- _Try it_
Go to the line containing "Dos niños sentados" in the records below and print it and every following line exactly, on through the line containing "For Her | For", then stop.

Data records:
>>>
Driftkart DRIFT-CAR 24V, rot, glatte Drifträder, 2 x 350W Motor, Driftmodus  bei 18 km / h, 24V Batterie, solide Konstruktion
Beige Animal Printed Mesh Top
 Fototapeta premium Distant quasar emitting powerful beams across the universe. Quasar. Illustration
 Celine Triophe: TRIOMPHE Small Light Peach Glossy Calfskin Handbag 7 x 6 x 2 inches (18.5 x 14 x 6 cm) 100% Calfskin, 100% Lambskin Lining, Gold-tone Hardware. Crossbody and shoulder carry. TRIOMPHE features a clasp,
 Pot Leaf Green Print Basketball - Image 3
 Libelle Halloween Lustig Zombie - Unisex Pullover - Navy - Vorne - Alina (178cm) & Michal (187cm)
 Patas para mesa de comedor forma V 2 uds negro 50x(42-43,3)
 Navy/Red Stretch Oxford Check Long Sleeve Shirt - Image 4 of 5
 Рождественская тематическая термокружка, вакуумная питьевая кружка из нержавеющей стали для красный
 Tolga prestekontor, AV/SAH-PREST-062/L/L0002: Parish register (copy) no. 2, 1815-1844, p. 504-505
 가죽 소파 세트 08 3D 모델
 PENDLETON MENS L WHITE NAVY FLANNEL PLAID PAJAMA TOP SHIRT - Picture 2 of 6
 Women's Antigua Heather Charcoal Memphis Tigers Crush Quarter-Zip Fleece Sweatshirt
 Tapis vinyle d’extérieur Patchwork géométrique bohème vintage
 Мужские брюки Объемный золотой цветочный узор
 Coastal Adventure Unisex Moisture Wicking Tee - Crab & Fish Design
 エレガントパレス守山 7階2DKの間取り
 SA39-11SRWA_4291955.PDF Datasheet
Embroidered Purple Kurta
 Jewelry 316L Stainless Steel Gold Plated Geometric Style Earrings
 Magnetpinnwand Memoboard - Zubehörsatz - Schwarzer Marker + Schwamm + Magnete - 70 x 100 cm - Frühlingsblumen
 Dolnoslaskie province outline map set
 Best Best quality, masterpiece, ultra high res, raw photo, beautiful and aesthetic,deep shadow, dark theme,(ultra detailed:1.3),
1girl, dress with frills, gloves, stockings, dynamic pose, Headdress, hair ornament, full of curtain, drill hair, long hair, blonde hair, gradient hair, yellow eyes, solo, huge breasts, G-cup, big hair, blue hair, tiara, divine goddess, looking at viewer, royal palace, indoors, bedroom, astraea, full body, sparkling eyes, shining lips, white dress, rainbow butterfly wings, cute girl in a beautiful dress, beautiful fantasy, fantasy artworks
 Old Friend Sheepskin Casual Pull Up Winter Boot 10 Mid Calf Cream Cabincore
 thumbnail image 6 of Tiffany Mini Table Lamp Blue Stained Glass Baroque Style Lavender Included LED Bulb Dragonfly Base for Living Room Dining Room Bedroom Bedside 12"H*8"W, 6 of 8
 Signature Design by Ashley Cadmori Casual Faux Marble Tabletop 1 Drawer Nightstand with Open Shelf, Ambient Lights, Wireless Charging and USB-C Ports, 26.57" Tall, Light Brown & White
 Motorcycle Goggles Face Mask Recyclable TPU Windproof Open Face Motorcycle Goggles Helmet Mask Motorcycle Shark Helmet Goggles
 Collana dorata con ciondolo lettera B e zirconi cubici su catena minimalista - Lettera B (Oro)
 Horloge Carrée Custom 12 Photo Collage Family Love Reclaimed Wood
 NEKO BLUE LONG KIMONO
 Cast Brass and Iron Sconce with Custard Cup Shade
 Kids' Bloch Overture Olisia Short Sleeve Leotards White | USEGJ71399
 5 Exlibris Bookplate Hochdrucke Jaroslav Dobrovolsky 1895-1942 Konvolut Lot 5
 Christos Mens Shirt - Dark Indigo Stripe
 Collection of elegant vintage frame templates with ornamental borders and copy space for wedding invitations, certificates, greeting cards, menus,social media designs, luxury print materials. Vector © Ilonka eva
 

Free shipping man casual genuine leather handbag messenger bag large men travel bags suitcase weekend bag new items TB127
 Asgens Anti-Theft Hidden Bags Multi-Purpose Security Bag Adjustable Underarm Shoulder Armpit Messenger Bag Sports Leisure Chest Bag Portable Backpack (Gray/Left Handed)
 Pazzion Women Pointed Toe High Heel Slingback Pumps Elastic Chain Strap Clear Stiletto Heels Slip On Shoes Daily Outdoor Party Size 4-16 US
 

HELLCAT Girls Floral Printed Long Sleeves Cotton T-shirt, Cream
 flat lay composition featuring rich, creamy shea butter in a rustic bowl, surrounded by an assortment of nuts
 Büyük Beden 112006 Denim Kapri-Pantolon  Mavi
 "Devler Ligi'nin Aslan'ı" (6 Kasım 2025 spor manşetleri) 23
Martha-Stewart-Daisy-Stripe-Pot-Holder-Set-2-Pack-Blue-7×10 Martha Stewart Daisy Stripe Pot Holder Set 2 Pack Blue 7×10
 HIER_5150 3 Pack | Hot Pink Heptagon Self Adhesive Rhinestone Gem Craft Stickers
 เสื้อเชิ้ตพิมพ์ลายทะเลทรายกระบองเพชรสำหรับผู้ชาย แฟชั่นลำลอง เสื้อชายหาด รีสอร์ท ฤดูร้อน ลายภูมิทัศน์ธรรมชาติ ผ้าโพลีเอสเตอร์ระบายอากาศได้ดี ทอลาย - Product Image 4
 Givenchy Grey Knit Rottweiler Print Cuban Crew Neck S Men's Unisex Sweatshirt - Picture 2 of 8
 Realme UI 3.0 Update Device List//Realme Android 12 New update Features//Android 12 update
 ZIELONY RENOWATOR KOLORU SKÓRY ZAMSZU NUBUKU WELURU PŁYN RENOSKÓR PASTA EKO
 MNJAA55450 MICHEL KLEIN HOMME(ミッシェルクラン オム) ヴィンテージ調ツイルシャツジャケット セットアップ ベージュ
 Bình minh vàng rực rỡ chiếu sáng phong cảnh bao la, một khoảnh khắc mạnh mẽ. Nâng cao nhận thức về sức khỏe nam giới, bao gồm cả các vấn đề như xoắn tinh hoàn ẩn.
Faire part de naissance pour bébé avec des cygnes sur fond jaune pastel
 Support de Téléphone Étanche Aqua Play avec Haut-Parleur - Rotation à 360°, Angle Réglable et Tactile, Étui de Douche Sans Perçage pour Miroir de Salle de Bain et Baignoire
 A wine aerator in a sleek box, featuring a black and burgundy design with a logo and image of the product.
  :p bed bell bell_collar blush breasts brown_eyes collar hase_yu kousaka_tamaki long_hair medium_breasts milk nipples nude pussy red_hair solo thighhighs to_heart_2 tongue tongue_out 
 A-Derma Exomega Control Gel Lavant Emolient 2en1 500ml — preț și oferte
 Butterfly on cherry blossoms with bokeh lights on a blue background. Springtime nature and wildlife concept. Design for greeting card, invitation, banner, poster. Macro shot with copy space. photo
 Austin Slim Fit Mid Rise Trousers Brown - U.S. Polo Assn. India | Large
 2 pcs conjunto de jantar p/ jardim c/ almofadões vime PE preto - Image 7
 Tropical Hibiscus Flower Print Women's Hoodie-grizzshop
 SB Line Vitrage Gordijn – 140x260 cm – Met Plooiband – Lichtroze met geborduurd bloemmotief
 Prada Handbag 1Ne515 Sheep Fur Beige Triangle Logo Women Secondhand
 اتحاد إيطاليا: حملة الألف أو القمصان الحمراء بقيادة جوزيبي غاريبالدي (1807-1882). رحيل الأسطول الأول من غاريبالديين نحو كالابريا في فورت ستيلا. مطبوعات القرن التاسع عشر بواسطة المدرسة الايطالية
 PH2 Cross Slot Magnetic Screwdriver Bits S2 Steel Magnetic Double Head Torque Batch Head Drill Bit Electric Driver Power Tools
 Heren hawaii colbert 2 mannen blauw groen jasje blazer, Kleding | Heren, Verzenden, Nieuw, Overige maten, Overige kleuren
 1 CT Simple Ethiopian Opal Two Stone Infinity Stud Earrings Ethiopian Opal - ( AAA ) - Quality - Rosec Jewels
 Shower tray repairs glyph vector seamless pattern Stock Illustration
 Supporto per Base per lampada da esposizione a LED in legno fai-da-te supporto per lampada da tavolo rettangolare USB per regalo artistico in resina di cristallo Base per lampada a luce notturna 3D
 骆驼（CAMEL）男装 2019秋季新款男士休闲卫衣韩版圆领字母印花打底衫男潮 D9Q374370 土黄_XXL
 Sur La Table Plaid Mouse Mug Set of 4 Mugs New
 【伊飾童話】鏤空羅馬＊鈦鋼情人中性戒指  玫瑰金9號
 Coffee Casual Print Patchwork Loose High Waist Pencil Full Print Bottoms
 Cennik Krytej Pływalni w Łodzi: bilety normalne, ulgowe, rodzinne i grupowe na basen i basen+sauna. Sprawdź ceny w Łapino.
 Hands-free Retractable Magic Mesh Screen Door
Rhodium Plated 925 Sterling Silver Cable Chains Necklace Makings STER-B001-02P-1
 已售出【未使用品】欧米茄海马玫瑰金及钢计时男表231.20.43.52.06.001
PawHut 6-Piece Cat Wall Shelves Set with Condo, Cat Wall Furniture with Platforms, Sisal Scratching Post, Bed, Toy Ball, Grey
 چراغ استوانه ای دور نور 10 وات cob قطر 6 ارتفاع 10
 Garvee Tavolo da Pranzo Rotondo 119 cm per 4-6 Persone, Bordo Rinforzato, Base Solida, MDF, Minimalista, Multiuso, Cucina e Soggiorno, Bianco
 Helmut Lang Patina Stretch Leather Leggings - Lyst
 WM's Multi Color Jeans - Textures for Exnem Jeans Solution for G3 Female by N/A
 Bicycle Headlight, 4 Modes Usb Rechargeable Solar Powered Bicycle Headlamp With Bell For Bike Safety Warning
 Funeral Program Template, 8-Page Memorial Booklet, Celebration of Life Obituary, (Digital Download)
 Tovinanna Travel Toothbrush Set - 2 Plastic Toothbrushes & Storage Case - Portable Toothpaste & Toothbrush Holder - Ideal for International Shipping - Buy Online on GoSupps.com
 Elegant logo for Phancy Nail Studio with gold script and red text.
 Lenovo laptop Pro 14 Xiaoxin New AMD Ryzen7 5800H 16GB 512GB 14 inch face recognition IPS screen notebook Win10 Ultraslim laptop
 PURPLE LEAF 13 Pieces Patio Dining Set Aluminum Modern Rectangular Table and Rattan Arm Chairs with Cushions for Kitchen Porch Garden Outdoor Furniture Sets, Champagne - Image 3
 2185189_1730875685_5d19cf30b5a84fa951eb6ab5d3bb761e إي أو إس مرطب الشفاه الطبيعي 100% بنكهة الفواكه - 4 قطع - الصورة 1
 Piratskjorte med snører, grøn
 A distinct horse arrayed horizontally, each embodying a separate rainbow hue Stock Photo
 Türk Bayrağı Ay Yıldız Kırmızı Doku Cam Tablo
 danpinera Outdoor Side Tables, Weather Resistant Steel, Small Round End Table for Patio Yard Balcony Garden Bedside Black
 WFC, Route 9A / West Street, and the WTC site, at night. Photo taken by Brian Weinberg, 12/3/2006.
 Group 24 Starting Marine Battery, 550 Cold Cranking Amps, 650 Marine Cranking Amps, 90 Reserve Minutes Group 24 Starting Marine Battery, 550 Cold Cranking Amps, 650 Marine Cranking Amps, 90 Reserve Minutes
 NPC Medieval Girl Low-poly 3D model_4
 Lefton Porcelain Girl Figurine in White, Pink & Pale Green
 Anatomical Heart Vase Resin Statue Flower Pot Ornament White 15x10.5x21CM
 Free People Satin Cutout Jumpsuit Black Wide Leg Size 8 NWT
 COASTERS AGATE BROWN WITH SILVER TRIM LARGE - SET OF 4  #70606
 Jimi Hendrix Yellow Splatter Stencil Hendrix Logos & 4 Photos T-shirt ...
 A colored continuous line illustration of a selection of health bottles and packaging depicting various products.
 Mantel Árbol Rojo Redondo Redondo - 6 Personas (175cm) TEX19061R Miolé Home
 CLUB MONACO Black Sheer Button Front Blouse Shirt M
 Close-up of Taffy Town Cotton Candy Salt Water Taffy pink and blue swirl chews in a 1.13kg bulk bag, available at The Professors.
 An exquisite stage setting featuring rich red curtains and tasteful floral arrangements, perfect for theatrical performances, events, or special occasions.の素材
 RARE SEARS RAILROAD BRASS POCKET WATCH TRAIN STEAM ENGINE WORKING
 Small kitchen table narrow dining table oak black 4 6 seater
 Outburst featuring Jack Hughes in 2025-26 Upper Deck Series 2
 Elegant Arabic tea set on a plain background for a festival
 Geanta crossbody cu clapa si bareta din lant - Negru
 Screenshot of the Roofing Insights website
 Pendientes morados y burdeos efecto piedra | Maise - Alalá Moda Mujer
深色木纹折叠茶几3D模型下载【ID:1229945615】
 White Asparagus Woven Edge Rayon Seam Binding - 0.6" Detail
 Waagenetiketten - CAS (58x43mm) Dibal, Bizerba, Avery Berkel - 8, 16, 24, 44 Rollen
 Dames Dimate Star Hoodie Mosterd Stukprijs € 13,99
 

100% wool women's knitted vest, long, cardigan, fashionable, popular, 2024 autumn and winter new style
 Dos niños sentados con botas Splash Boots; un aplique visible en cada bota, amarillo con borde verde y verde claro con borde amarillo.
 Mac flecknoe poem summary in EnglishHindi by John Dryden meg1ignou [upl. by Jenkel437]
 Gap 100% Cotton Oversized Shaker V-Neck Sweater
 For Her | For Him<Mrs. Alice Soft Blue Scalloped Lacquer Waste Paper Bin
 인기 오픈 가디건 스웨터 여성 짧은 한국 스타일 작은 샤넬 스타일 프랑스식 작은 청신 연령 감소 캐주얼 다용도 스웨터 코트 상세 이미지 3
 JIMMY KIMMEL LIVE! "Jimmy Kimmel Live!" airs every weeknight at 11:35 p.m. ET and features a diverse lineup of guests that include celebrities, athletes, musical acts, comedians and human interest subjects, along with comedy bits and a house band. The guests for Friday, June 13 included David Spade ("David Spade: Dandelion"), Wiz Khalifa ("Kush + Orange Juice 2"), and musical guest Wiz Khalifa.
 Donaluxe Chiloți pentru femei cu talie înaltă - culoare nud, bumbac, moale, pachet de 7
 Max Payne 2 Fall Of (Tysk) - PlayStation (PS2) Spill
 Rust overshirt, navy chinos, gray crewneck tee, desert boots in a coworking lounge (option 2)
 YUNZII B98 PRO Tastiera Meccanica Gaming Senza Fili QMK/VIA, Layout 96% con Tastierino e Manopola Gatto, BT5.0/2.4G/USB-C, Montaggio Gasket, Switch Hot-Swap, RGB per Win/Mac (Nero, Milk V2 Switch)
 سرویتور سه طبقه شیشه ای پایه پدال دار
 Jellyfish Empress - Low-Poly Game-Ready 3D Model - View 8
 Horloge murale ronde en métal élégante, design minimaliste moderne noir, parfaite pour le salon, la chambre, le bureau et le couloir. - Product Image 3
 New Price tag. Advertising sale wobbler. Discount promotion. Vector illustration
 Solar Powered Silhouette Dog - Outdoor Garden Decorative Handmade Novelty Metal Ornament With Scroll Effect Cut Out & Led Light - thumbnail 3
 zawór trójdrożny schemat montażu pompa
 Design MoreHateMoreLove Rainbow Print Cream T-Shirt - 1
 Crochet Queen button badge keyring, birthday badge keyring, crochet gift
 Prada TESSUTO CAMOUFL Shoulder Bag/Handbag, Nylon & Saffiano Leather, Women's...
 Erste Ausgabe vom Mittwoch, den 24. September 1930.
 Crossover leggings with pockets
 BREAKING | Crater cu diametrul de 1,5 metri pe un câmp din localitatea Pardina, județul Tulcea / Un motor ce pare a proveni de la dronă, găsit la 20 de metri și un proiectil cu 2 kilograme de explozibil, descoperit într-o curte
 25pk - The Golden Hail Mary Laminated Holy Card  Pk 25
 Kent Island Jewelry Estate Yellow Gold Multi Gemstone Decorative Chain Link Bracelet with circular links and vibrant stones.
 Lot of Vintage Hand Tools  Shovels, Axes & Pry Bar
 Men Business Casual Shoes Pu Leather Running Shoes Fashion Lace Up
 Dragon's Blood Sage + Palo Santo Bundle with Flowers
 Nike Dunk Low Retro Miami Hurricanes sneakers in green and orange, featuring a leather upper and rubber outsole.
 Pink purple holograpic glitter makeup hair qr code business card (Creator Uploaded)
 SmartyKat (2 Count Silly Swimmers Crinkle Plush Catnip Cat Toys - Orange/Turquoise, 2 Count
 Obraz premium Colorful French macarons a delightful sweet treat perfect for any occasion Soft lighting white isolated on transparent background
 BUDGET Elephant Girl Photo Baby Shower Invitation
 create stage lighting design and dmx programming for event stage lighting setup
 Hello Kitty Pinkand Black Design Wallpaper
<<<
- _Task solution_
 Dos niños sentados con botas Splash Boots; un aplique visible en cada bota, amarillo con borde verde y verde claro con borde amarillo.
 Mac flecknoe poem summary in EnglishHindi by John Dryden meg1ignou [upl. by Jenkel437]
 Gap 100% Cotton Oversized Shaker V-Neck Sweater
 For Her | For Him<Mrs. Alice Soft Blue Scalloped Lacquer Waste Paper Bin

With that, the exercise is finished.